I didn't know they'd do that. We had chickens for several years and they would eat a surprising variety of things. Most surprising to me was egg and chicken. Something so wrong with that....
We got a couple of new chicks once and one died a couple of days later so left one with no companion. I went to get another because it wouldn't stop peeping and the place we got them from had sold out. Finally, we found a guy close by that had a hen that had just hatched one chick that day. (She and my Dachshund Madison were born on the same day, May 1st.) We brought her home and she was so tiny. I figured the two chicks would bond and grow up together but I was wrong. The tiny one wanted nothing to do with the other chick or adult chickens and bonded with me and my husband. I never knew a chicken could be so funny and affectionate. We started calling her Fluffy, sorta as a joke but it stuck. She would run to be held and perch up on your hand. She perched on my bedroom windowsill at night while the other chickens slept in the hen house. My bedroom is right off the covered front porch so needless to say I cleaned chicken poop off the porch on a daily basis... 
We got her some fertilized eggs once and she sat on them. One hatched and she was a great mom. Seriously one of the sweetest things I'd ever seen. She was 7 yrs old then.
As she got older we started bringing her in at night and she'd sleep in a dog crate. I could sit the crate on the ground and say, "kennel up" and she'd get right in. She actually knocked on the door one night because I'd forgotten to bring her in. Not kidding. 
We had her for 10 yrs and my neighbor, who keeps his Pitbulls on chains, (another reason I have a problem with unattended chaining) wasn't home when his dog broke loose, crawled under my fence and killed her in front of me. A horrible end to a precious life. I doubt if we get chickens again I'll ever have another one like her. She was definitely one of a kind.


----------



## blueasajewel (Sep 12, 2011)

That's wild! I've would never have thought they would have been fast enough to catch a mouse!


----------



## jdatwood (Apr 13, 2009)

blueasajewel said:


> That's wild! I've would never have thought they would have been fast enough to catch a mouse!

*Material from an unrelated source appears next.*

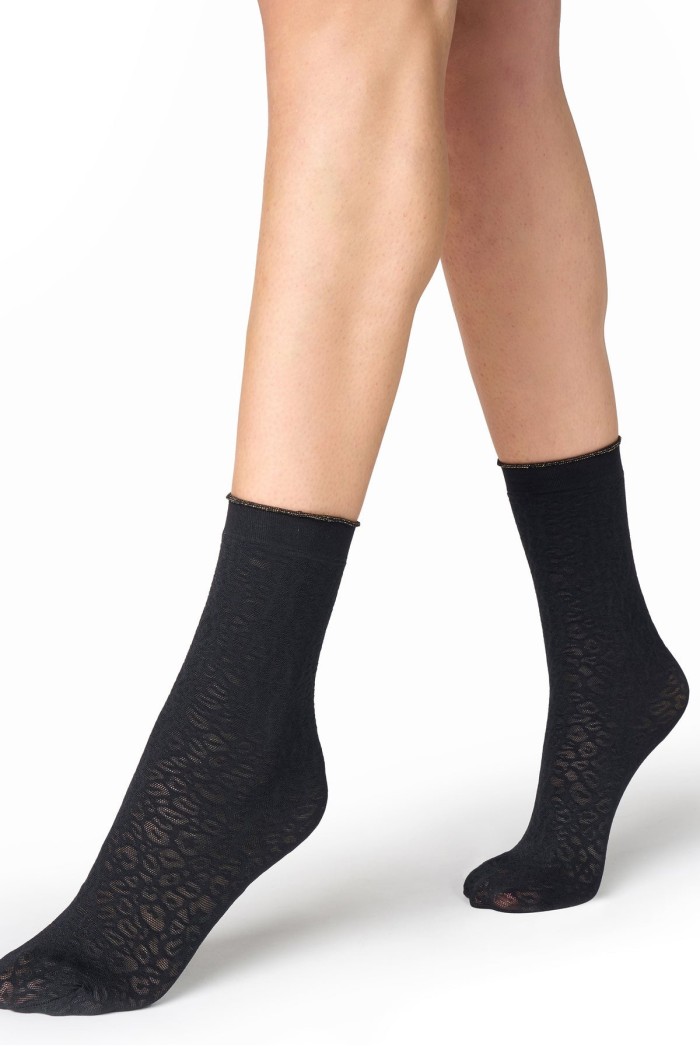 Golden Lady καλσάκι με λεοπάρ σχέδιο σε μαύρο χρώμα 156JJJ-NERO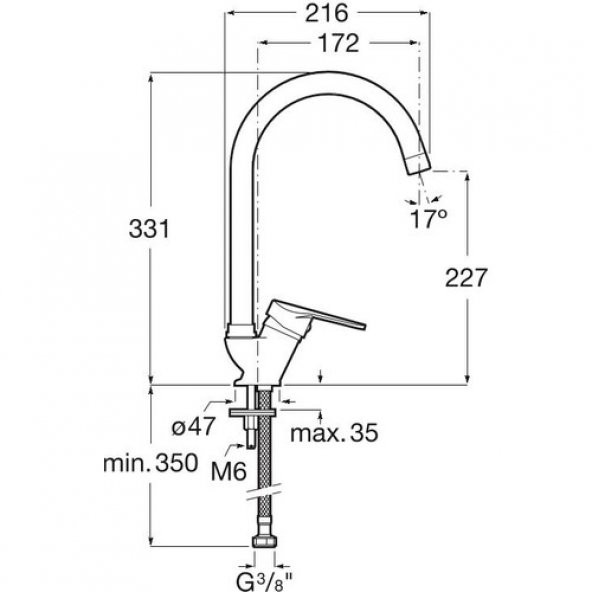 Roca Glera Spiralli Pull Down Mutfak Eviye Bataryası A5A814DC00 - Resim 2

I'll try to get it on video next time :biggrin:


----------



## DaneMama (Jun 27, 2008)

It was one heck of a sight to see ALL 29 of them running after the poor little mouse! But, such is the circle of life...I didn't think they'd be able to catch it but they are so fast! 

We have ours all trained to come when called, we really enjoy them a lot. The only reason we would have to kill one is if the roosters (that were supposed to be hens) start fighting. So far, they all seem fairly friendly to one another, unless one of them has a mouse LOL

And I definitely do have my favorites out of the bunch :wink:


----------



## Tobi (Mar 18, 2011)

SO SO cool!!! I was meaning to ask you what ones you have for laying *breed wise* and which you have for eating?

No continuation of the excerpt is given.